With a suit they complete the outfit in a sophisticated elegant way.
With denim they evoke a sense of 1950’s coolness and with shorts and no socks (or loafer socks) they transform the outfit into “casual comfort”, a look you can take from poolside to cocktails…

This type of shoe first appeared in Scotland and Ireland. The perforations were designed to allow water to drain from them after crossing streams or bogs.  (Personally, I hate wet socks so I would have had to find a way around those bodies of water.  

I have amassed quite a collection of these shoes in different styles and colors (there are multiple variations to the brogueing- I won’t bore you with the details...if you are interested you should email me for more specifics).

Recently, I have been surprised by some new variations of this classic; For example, these two which were featured in GQ’s street style section (Shot in Paris). As I just got a new pair from Tsubo seeing these made me think this could signal a new trend…

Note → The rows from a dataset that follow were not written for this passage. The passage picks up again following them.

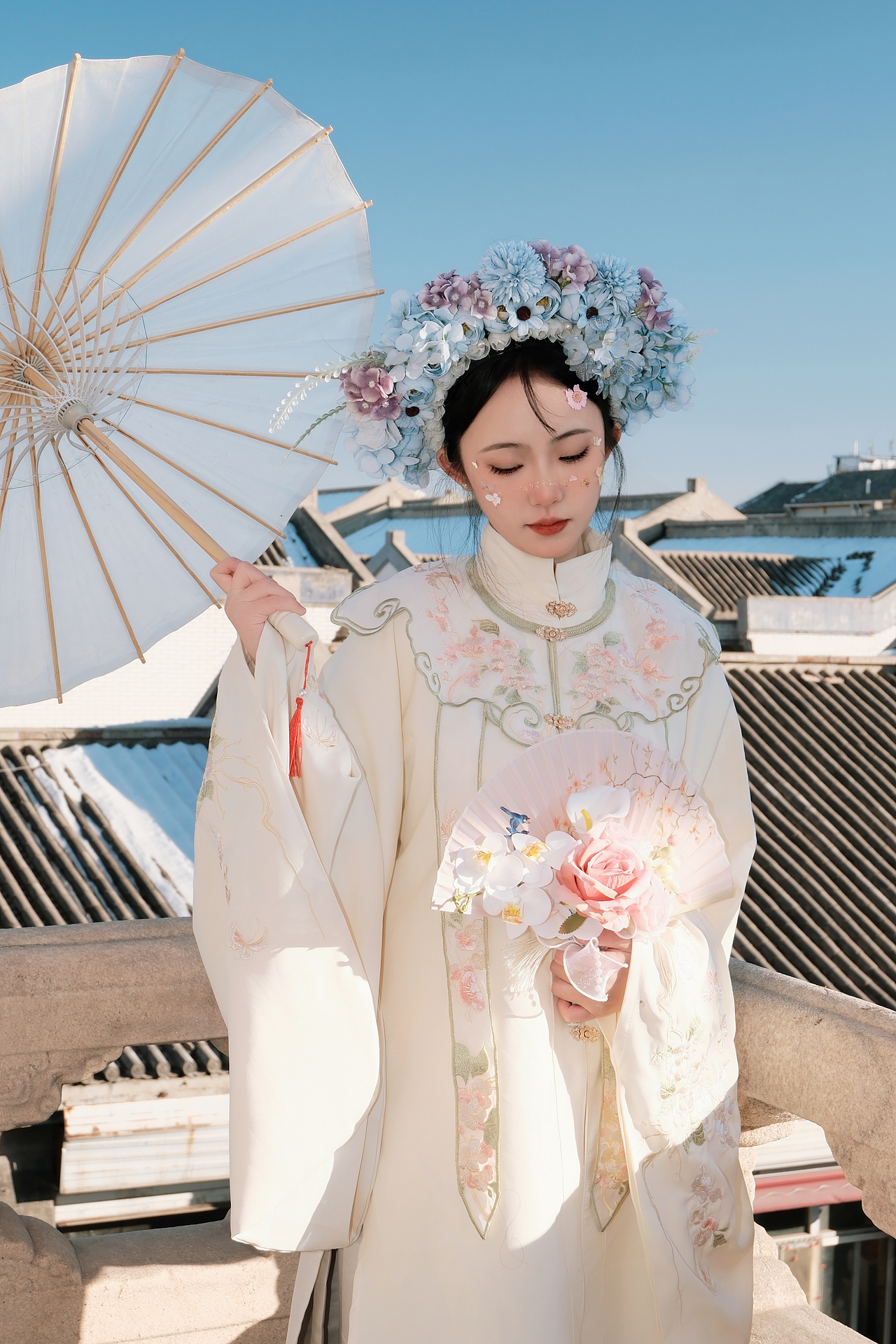 今世戴花 来世漂亮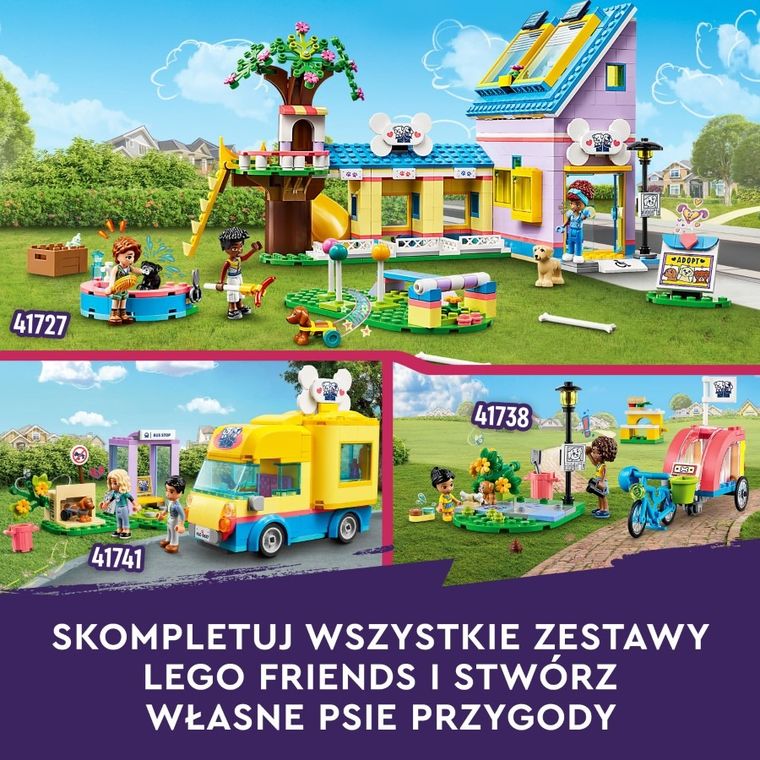 LEGO Friends, Centrum ratunkowe dla psów, 41727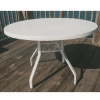 R-42F - Regal Round Fiberglass Top Hotel Patio Dining Table with Aluminum Frame, 36" 42" or 48"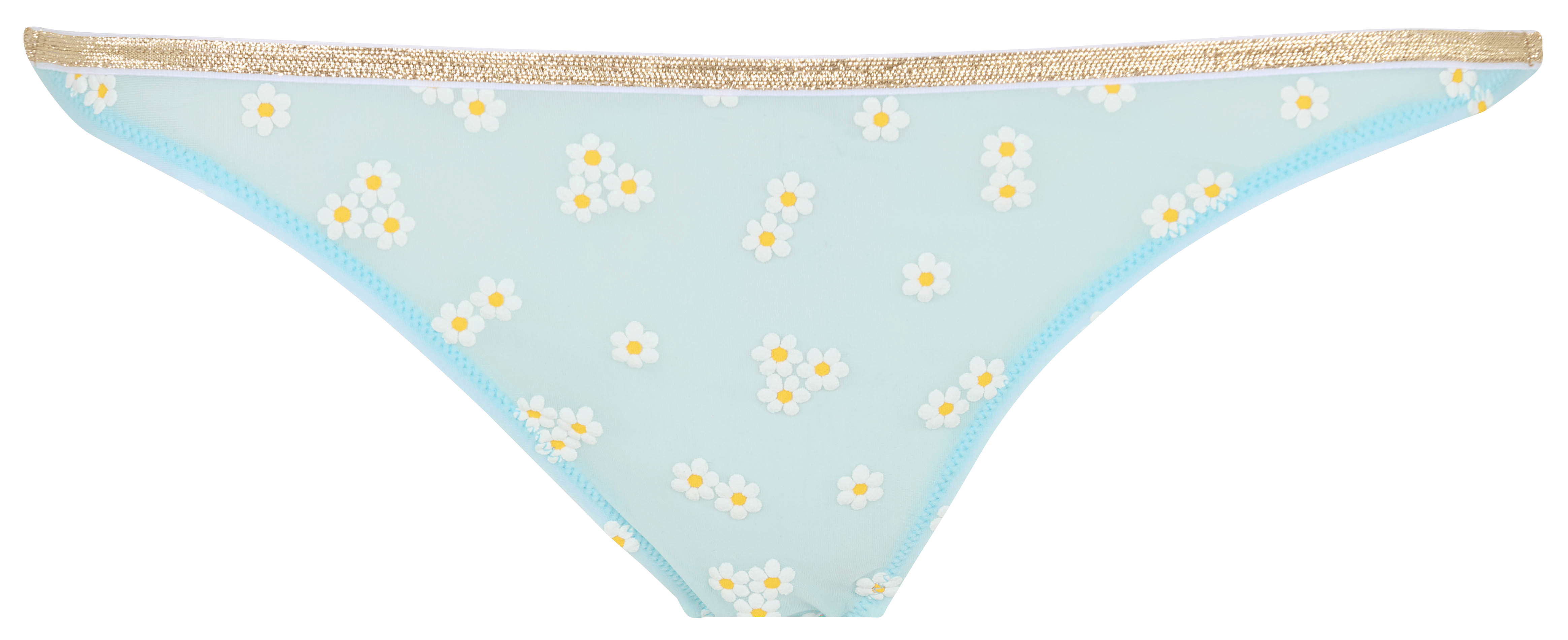 Bestickter Slip LA NOUVELLE Blau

I can never get enough of these kind of shoes, The pair I just got as I said are from Tsubo (a progressive, design-driven company founded in 1997 that makes shoes with a unique style and an ergonomic design.)  They are black brogues with a grey leather strap that hugs the shoe. They also come in a brown cognac color and are unmistakably cool looking, sporty, witty and an affordable $148 at What is most impressive about them, is that they are as comfortable as a sneaker due to the sole technology that Tsubo is so known for.

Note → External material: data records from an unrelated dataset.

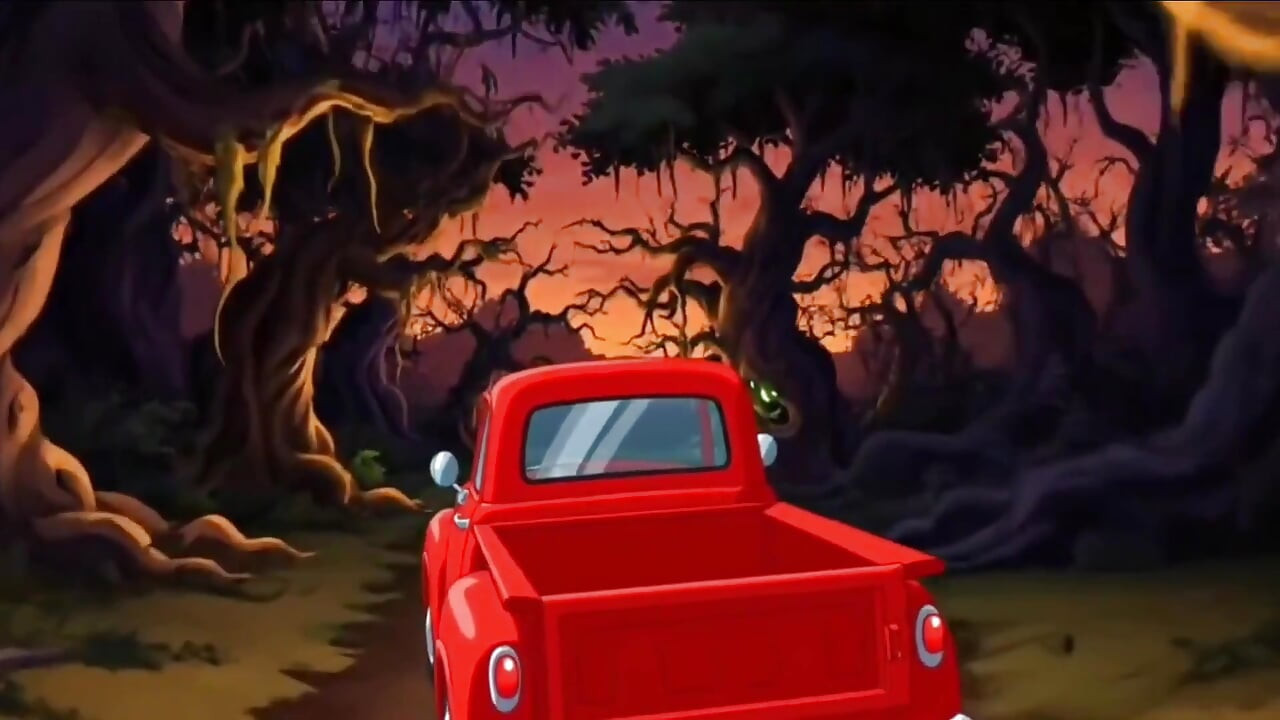 Estudante gosta de sexo em um acampamento Paródia de terror cartoon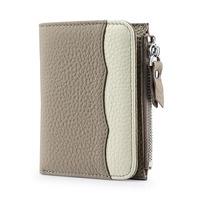 Genuine Leather RFID Short Wallets Card Holder Bag Portable Cowhide Small Handbag Money Coin Purse Men Women Clutch Bag Pouch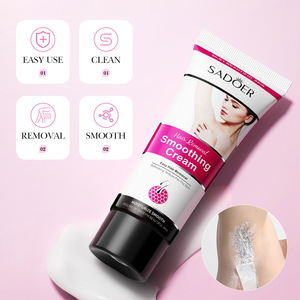 Crème dépilatoire SADOER, non irritante, rapide, pour tout le corps, aisselles, bras, jambes, parties intimes, crème lissante pour éliminer <span class=keywords><strong>les</strong></span> <span class=keywords><strong>poils</strong></span>, 50g - Product Image 2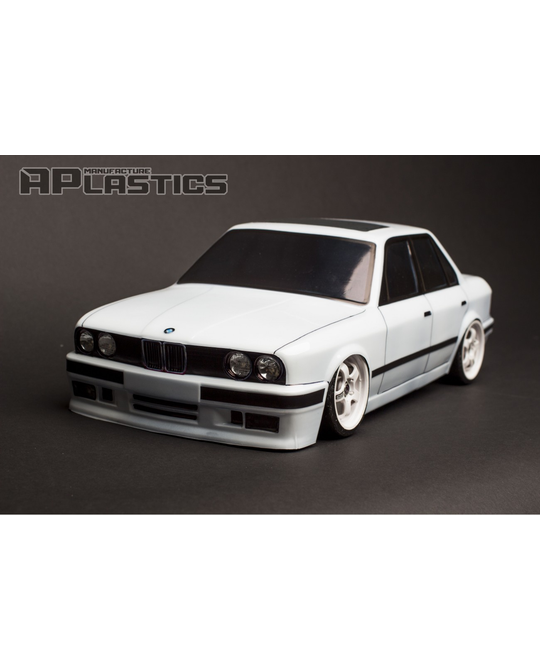 BMW E30 Sedan 1/10 Body Clear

To get a classic shoe that will last your life time and even longer choose a shoemaker that uses quality leather and makes shoes mostly by hand.  I’m particularly partial to Church’s (not easy to find in the US unless you live in New York where they have a shop on Madison Avenue).

They have been around since 1873 in Northampton (not far from London UK) where they have been tanning leather for the footwear industry since the Middle Ages. They are pricey (they run about $600, but are no doubt top of the line. I like the “Grafton” but they come in other styles as well in both leather and rubber soles.

 Crodovan leather brogues made by Alden are also a fantastic investment (and yes they too are pricey, $605 at ) From experience I can tell you that the shoes may outlive the person buying it…( I still have and wear my grandfathers shoes..)

If you want to wear Brougues but don’t want to spend a sizable chunk of change on them, there are some great options.
Try a pair from Florsheim by Duckie Brown.  Florsheim has been making shoes in Chicago IL since 1892. A few years ago the company asked rebel designer Duckie Brown to create a collection for them.  This has produced an amazing line of shoes that pay homage to classic Americana while producing a fashion forward look. This particular pair are not only a great Brougue but because of the elastic bands attached to the tongue of the shoe they can be worn lace-less for a more casual look (or as I mentioned with shorts…).  They are $295 at

They also offer a pair in a canary yellow, for those of you (uhhmm… like me ) who like a bold color from time to time..

For $138 (also at you can find this great Brougue made by Cole Haan. The company was started in 1928 by Trafton Cole and Eddie Haan, but is now owned by Nike. What this means to you is that the soles are made with some advanced technology for extra “sneaker like” comfort… (Not quite as good as Tsubo though…)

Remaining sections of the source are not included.